Speakers work out of the box. However, they will not have the same sound quality as on Windows due to the missing Dolby Atmos Convolver. The quality can be improved by using EasyEffects with a convolver effect (and possibly others) - see here for an example preset for this laptop.

WiFi

A specific ath11k firmware version for the hardware in this laptop causes suspend during lid close to immediately wake from sleep.

This can be tested physically by closing the lid, and noting if the LED on the lid flickers and remains solid (meaning the device is not sleeping), or flashes periodically (meaning the device is sleeping). If the LED remains solid with the lid closed, suspend is not working properly, and your laptop will drain battery while closed.

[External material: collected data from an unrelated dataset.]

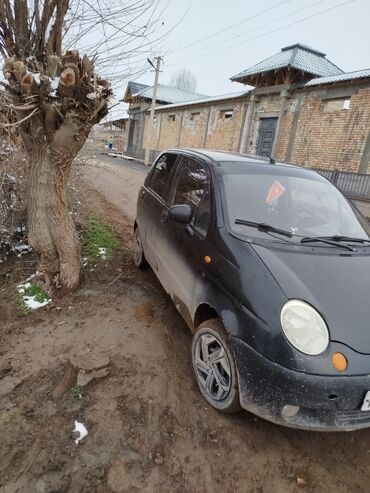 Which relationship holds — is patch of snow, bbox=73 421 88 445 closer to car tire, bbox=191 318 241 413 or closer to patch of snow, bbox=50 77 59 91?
car tire, bbox=191 318 241 413

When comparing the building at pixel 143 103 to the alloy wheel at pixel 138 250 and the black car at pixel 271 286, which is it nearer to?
the alloy wheel at pixel 138 250

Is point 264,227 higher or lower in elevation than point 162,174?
lower

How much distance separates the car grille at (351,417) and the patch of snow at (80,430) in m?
1.61

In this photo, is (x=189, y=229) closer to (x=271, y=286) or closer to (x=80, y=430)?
(x=271, y=286)

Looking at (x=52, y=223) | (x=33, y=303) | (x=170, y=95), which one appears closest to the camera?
(x=33, y=303)

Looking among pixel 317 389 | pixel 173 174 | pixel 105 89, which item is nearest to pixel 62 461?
pixel 317 389

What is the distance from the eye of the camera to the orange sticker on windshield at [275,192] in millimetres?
2969

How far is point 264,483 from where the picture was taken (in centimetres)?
204

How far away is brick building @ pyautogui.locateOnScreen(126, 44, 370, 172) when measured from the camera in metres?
14.1

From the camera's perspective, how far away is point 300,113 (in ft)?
53.8

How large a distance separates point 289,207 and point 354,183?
11.8 meters

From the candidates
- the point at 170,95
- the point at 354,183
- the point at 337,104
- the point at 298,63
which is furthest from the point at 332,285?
the point at 170,95

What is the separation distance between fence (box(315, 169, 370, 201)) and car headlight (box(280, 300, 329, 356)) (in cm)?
1191

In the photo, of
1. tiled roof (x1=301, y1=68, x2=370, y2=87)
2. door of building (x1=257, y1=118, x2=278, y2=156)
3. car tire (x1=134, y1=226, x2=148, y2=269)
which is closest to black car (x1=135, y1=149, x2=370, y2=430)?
car tire (x1=134, y1=226, x2=148, y2=269) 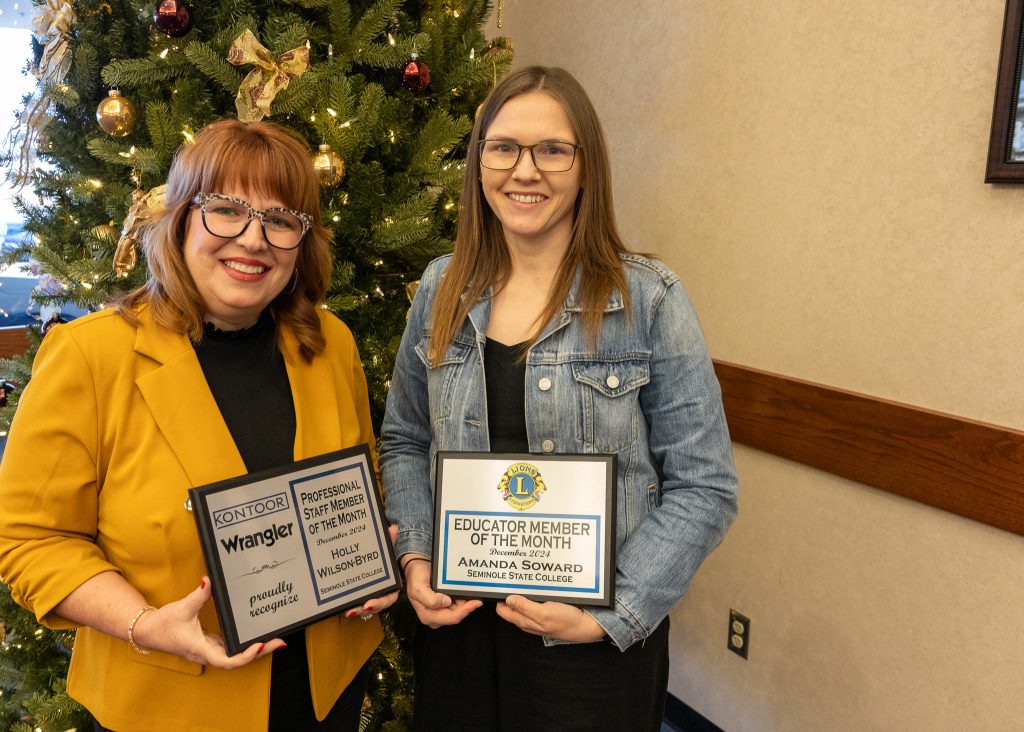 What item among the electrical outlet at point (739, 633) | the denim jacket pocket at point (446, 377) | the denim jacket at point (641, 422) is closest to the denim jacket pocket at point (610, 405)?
the denim jacket at point (641, 422)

To check if you have the bad firmware version, you can check the kernel logs for this firmware version:

$ journalctl -k --grep "ath11k_pci" | grep fw_version
ath11k_pci 0000:02:00.0: fw_version 0x110b196e fw_build_timestamp 2022-12-22 12:54 fw_build_id WLAN.HSP.1.1-03125-QCAHSPSWPL_V1_V2_SILICONZ_LITE-3.6510.23

Both 3.6510.23 and 3.6510.36 have the issue.

Various workarounds are possible, including using rfkill or modprobe to disable or remove the WiFi kernel module during suspend to prevent the issue. See Lenovo ThinkPad T14s (AMD) Gen 3#Network / WiFi for one such solution.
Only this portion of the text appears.